Inflammasome-mediated antagonism of type I interferon enhances Rickettsia pathogenesis

Abstract

The innate immune system fights infection with inflammasomes and interferons. Facultative bacterial pathogens that inhabit the host cytosol avoid inflammasomes^1,2,3,4,5,6 and are often insensitive to type I interferons (IFN-I), but are restricted by IFN-γ^7,8,9,10,11. However, it remains unclear how obligate cytosolic bacterial pathogens, including Rickettsia species, interact with innate immunity.
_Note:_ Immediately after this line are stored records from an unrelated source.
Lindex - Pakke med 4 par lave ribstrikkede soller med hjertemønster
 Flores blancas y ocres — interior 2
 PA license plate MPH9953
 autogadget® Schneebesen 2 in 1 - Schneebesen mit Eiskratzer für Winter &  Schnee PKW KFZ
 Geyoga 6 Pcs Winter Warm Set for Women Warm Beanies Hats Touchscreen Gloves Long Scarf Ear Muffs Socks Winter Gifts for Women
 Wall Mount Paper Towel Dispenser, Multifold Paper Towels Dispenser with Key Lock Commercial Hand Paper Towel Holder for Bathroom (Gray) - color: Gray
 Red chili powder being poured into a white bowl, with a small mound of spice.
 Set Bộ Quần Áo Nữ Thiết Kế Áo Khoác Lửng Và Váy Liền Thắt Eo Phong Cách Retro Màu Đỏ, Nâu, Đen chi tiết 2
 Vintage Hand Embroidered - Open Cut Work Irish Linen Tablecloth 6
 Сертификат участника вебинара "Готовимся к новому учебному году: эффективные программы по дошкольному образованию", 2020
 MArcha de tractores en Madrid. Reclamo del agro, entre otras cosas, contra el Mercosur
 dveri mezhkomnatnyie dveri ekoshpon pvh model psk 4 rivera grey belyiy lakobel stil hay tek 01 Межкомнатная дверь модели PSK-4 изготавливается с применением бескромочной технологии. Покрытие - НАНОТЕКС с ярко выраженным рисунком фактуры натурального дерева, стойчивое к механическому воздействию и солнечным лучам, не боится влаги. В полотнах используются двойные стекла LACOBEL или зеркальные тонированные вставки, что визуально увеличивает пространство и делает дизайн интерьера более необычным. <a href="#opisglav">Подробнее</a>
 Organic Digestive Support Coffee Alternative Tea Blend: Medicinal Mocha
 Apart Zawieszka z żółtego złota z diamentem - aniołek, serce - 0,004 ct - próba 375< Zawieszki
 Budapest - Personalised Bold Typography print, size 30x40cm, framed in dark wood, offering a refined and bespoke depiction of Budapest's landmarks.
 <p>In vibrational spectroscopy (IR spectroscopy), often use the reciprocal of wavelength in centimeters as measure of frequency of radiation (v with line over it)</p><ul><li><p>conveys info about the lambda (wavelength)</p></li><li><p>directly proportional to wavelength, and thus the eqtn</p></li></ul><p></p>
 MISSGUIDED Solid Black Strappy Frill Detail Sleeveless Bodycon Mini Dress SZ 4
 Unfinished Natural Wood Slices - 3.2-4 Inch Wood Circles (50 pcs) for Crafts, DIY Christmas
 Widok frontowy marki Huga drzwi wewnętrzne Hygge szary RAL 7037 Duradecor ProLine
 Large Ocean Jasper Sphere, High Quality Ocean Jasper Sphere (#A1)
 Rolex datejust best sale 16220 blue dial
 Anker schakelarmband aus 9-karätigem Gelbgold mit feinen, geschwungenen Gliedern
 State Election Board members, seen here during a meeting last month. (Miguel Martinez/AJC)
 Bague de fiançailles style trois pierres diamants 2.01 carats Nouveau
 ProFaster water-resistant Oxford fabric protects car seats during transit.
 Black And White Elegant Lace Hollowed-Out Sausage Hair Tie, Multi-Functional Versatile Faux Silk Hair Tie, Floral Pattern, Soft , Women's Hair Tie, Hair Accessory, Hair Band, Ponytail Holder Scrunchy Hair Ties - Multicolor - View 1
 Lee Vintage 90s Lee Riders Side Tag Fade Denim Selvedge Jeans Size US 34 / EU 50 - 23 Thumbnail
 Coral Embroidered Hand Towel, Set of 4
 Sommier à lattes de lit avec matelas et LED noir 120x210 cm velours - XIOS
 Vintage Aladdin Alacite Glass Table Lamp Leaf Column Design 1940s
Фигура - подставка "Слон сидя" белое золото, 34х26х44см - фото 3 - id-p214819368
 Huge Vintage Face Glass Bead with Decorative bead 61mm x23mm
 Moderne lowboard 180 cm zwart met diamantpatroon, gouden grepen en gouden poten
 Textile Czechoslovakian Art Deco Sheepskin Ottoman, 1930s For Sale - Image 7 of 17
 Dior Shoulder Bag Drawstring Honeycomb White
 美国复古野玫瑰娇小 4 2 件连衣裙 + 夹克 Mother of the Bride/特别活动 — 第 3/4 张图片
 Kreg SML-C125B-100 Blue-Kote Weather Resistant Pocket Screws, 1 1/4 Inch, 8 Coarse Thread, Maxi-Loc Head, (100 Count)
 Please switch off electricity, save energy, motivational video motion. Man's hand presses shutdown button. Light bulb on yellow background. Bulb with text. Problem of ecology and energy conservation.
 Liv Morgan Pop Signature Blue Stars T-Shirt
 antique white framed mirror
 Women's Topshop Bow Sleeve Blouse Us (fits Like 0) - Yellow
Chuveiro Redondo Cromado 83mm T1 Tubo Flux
Here, we report that the human pathogen Rickettsia parkeri is sensitive to IFN-I and benefits from inflammasome-mediated host cell death that antagonizes IFN-I. R. parkeri-induced cell death requires the cytosolic lipopolysaccharide (LPS) receptor caspase-11 and antagonizes IFN-I production mediated by the DNA sensor cGAS. The restrictive effects of IFN-I require the interferon regulatory factor IRF5, which upregulates genes encoding guanylate-binding proteins (GBPs) and inducible nitric oxide synthase (iNOS), which we found to inhibit R. parkeri. Mice lacking both IFN-I and IFN-γ receptors succumb to R. parkeri, revealing critical and overlapping roles for these cytokines in vivo. The interactions of R. parkeri with inflammasomes and interferons are similar to those of viruses, which can exploit the inflammasome to avoid IFN-I¹², are restricted by IFN-I via IRF5^13,14, and are controlled by IFN-I and IFN-γ in vivo^15,16,17. Our results suggest that the innate immune response to an obligate cytosolic bacterial pathogen lies at the intersection of antibacterial and antiviral responses.